Pierwsze co poczuł, to że nie może otworzyć oczu, a potem suchość w ustach. Był taki zmęczony... Jeszcze nie rozumiał, co się dzieje, gdzie jest, ani co tu robił, a na dodatek dziwny zapach i odgłos jakiegoś pikania wzbudzał jego zaniepokojenie, którego i tak nie mógł pokazać, bo był cholernie bezsilny. Nie mógł nawet kiwnąć palcem.
Cały lęk i zagubienie odeszły jednak gdzieś w niebyt, kiedy poczuł dłoń, która czule głaskała go po policzku.
Zebrał całe siły, jakie tylko mu zostały i zmusił się do otworzenia oczu, co nie było proste, bo było zbyt jasno i światło go raziło, więc początkowo zamrugał tylko kilkukrotnie słabo, ale potem z każdym kolejnym razem obraz stawał się coraz bardziej wyraźny i dodatkowo usłyszał dobrze mu znany głos.
— Hej... wróciłeś do mnie — odezwał się spokojnie Oliwier, nie przestając go głaskać.
— Obiecałem, że chcę zostać — wyszeptał ledwie zrozumiale w odpowiedzi Denis, bo nie był w stanie odezwać się na głos.
Francuz posłał mu uśmiech pełen ulgi, nadal głaszcząc z czułością jego policzek.
— Co się stało? — zapytał ze zdezorientowaniem chłopak, nie rozumiejąc, co tu właściwie robił. Pamiętał tylko, że strasznie bolała go głowa, a potem chyba gdzieś jechali. Następnie film się urywał.
— Wymiotowałeś i zwijałeś się z bólu. Musiałem cię przywieźć do szpitala i tu dali ci coś, żebyś zasnął. Boli jeszcze? — zapytał z troską Oli.
— Chyba nie — mruknął Denis, bo czuł, że jest w bardzo dziwnym stanie. Coś było ewidentnie nie tak i miał strasznie ciężką głowę, ale coś skutecznie blokowało wszelkie nieprzyjemnie doznania, sprawiając, że było mu obecnie wszystko jedno. — Ale miałem dziwny sen... — wyszeptał. — Jakby coś nie pozwalało mi się obudzić — wyjaśnił enigmatycznie i choć nawet chciał to jakoś dokładniej zobrazować, to był po prostu zbyt zmęczony i nie miał tyle sił. — A Tonto udawał kaczkę — dodał jednak, uśmiechając się słabo, na co i Oliwier się roześmiał.
— Nie wiem, co oni ci dali, ale też to chcę — stwierdził.
— Jak długo tu jestem? — zapytał chłopak, zdając sobie sprawę, że kompletnie stracił poczucie czasu.
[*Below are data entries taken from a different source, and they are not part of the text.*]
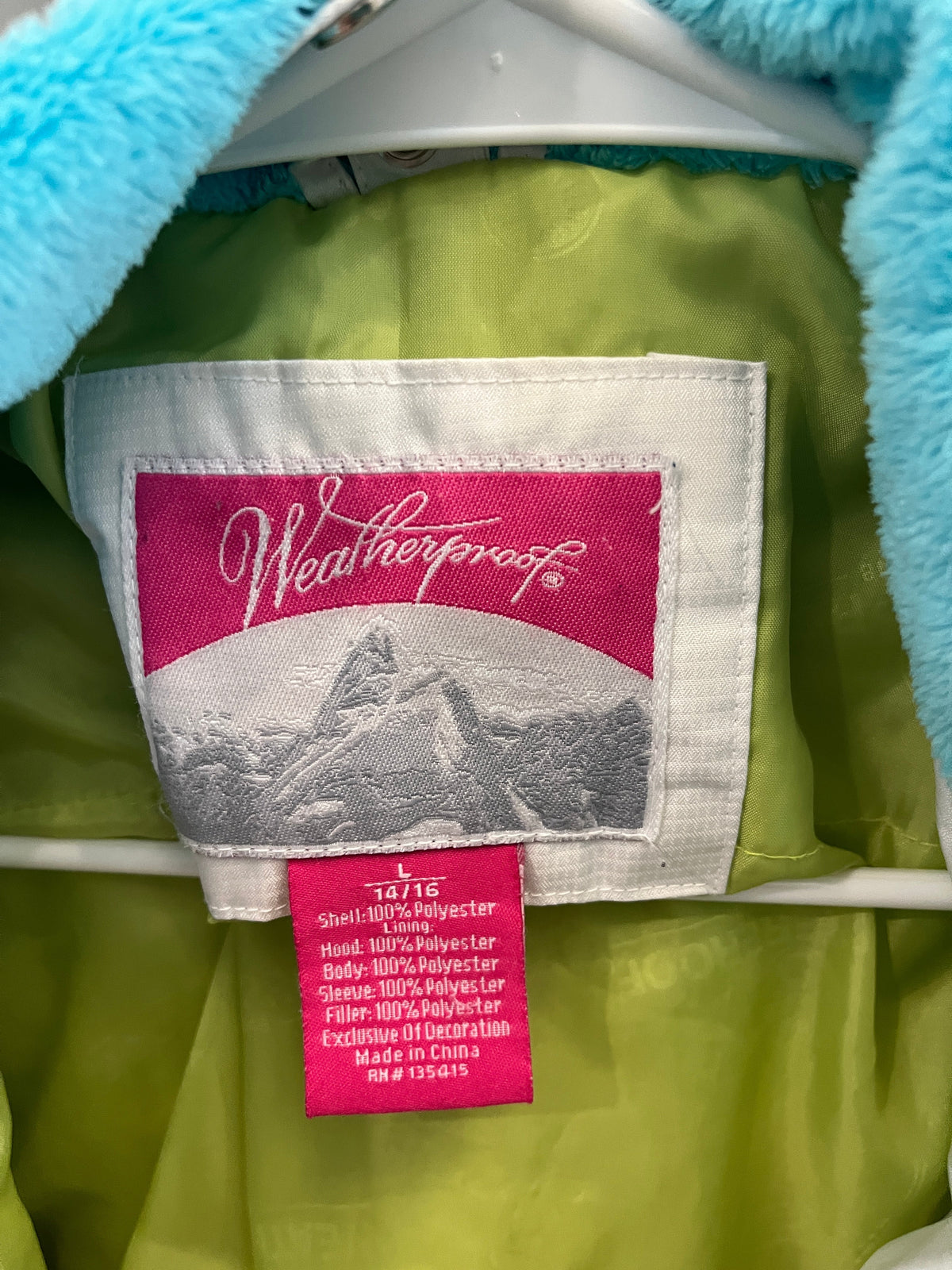 135 Girls white, turquoise, and green winter coat Size L 10/12 Weatherproof brand (see pictures for dirt mark on sleeves)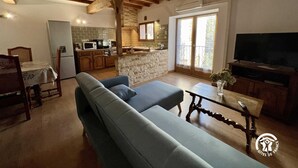 A cozy living room with a sofa, a television, and a kitchen area with a stone island. - La Bouriette - MOUSSOULENS (MOUSSOULENS)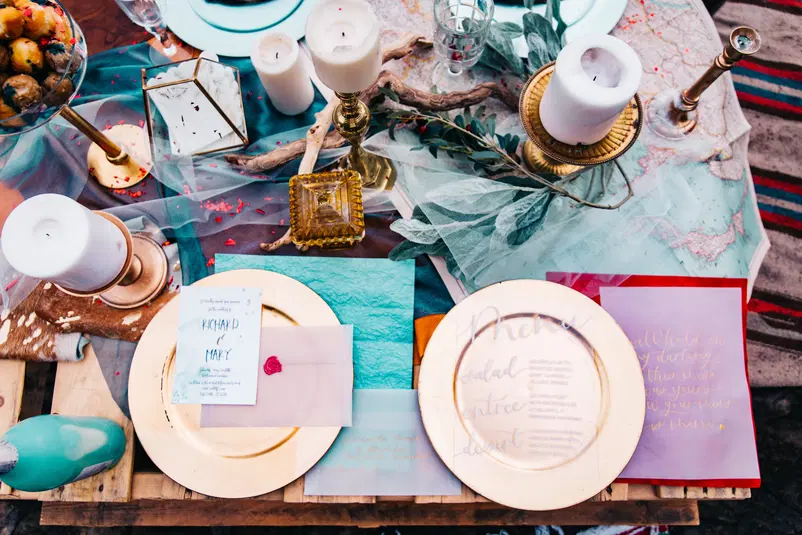  Romantyczna dekoracja stołu weselnego z menu i świecami, eleganckie talerze i kwiaty, boho styl. 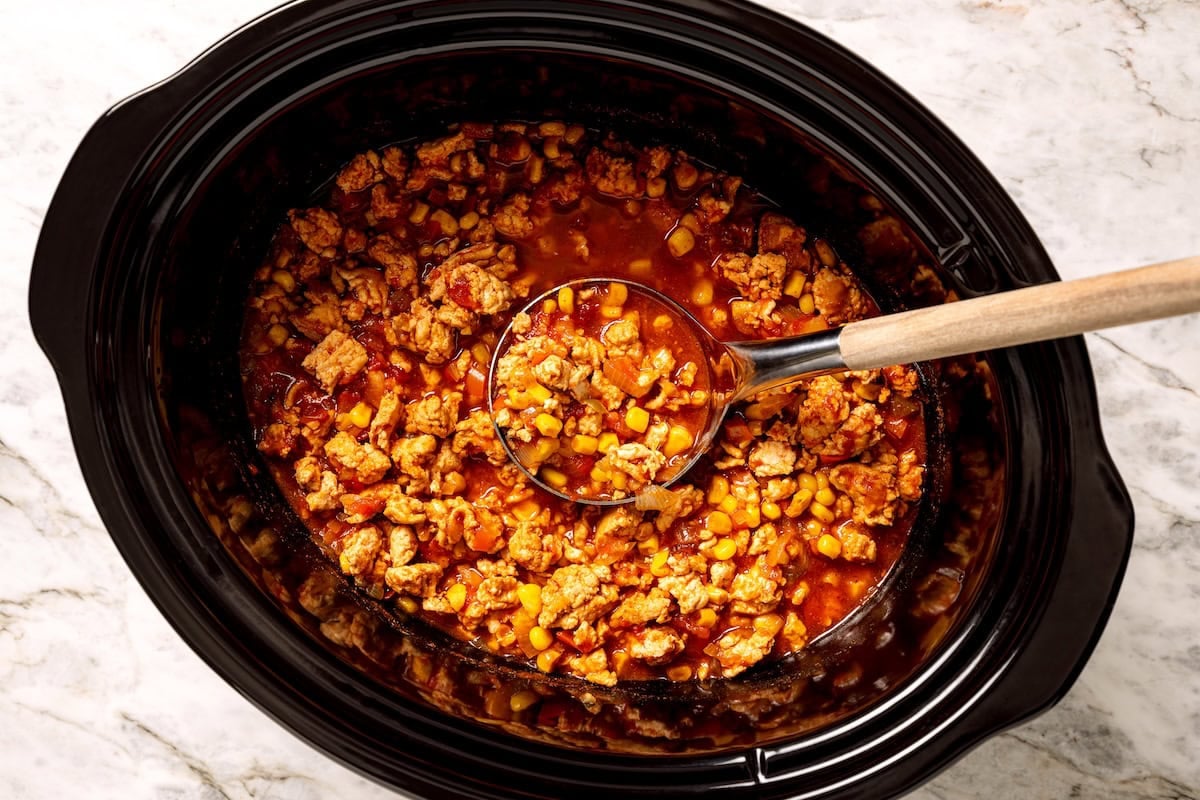 This crock pot turkey chili recipe is easy to make and family-friendly, with ground turkey, corn, bell pepper, tomatoes, and mild spices. Overhead view of a ladle scooping turkey chili inside the crock pot.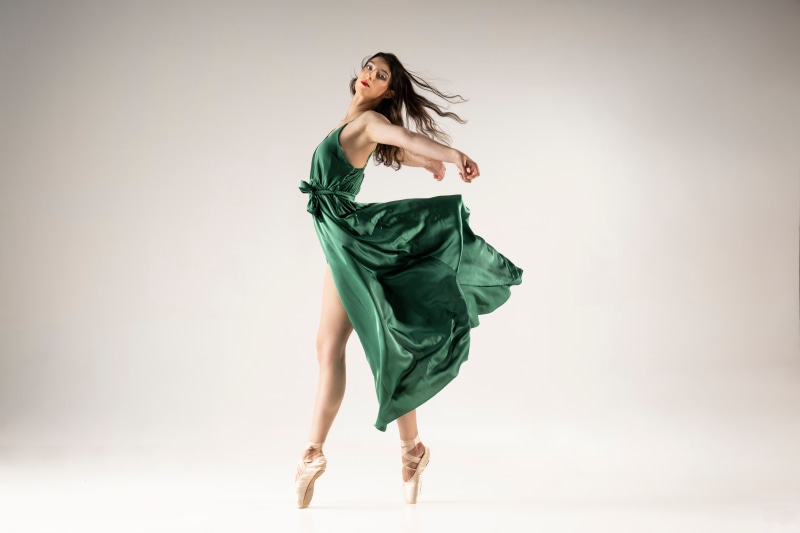 Anne-Laure in a green dress performing ballet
W ogóle przez ten cały czas zdawało mu się, że był gdzieś indziej. Nie pamiętał dokładnie, a dodatkowo miał wrażenie, że z każdą sekundą wspomnienia ulatywały bezpowrotnie, ale był świadomy uczucia spokoju i ulgi. Było mu naprawdę dobrze, na tyle, że mógłby już tam zostać. Ale wiedział też, że musi się obudzić. A przecież nienawidził wstawać! I to w dodatku w chwili, kiedy cała otaczająca go rzeczywistość kusiła, by został tam na dobre. Tak... to było cholernie dobre miejsce, jednak nadal nie równało się z widokiem Oliwiera, którego ujrzał po przebudzeniu.
— Od wczoraj. Spałeś dwadzieścia cztery godziny — uświadomił go policjant.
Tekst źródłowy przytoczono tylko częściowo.